Ao seu lado esquerdo, uma senhora toda esticada por algum cirurgião plástico tomava suco verde impressionada com um livro de anti-religião. Ao seu lado direito, um rapaz copiava algumas coisas de um livro específico, como se fizesse algum trabalho escolar. A sua frente, uma moça engolia seu café enquanto lia revistas da semana. Na mesa ao lado, um senhor lia uma biografia de Getúlio Vargas. De um jeito ou de outro, todos tentavam se concentrar. A menina, na casa dos 20 anos, gargalhava. Cachorros, leões, pingüins em preto e branco se espalhavam pelos seus olhos. Ela sorria. A senhora do suco verde começava a se incomodar e tossia em tom de repúdio. Mas as tosses não tinham o menor efeito sobre a menina.

Menina que ora lia em posição normal ora tombava a cabeça sobre a mesa ora cruzava as pernas em cima da cadeira. Não se aquietava. O rapaz do trabalho parecia acostumado, pensava estar em uma sala de aula. Os vendedores da livraria nada diziam, apenas cochichavam entre si. A senhora, cheia de plástica, mostrava-se defensora ferrenha da lei da mordaça. De repente, a menina coloca o pé esquerdo sobre a cadeira vizinha. Uma calça jeans surrada e um tênis vermelho também surrado. A calça não combinava com o tênis que por sua vez não combinava com a blusa. Mas todos combinavam com a menina.
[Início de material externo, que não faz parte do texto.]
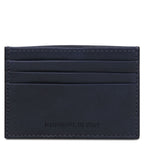 Porte-cartes homme SEI en cuir pleine fleur 6 cartes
O senhor que tirara o paletó do armário para ler o livro de Vargas achava bonito o jeito espalhafatoso da menina e sorria no canto da boca. A menina começa a comer seu pão de queijo sem tirar os olhos do livro. Ria com a boca cheia, sem cerimônias. Tomava seu capuccino e os vendedores tinham medo dela derrubar o líquido sobre um dos livros e ainda achar engraçado. O rapaz termina seu trabalho, vai embora e ela fecha o livro ainda com ar de riso. Em uma das mãos segura a xícara, na outra o pão de queijo e com o queixo abre o segundo livro. Mais uma vez esgarça seus lábios e sorri, agora de um amontoado de crônicas. O livro não tem fotos, só texto, mas ela gargalha da mesma forma para desespero da senhora ao seu lado esquerdo, que está a ponto de chamar o gerente. Para alívio de muitos, ela termina o café. Não borrou o livro, só engordurou um pouco os lábios, dando consistência ao seu gloss de tuti-fruti.

O senhor que lia Vargas, todo galanteador, muda de mesa e senta-se na cadeira desocupada do rapaz. A mulher que folheava revistas se indigna com a cena e sai da mesa. Não se dá ao trabalho nem de levar as revistas de volta ao estande. A senhora de brincos de pérolas não tira os olhos da menina. Já nem lê mais. Vira página por página de forma mecânica. A menina continua com o comportamento adolescente não dando importância a nada do universo a sua volta. A senhora se corrói por dentro. O senhor se inclina para o lado da menina. Outra vez, ela fecha o livro, empurra-o na direção da senhora e se prepara para abrir o terceiro. Enquanto desembrulha um chiclete a senhora lê o título do livro e o retira das mãos da menina. Rapidamente o coloca nas mãos do vendedor. "Vou levar esse aqui". A menina não entende nada e a senhora sai como não querendo ser vista.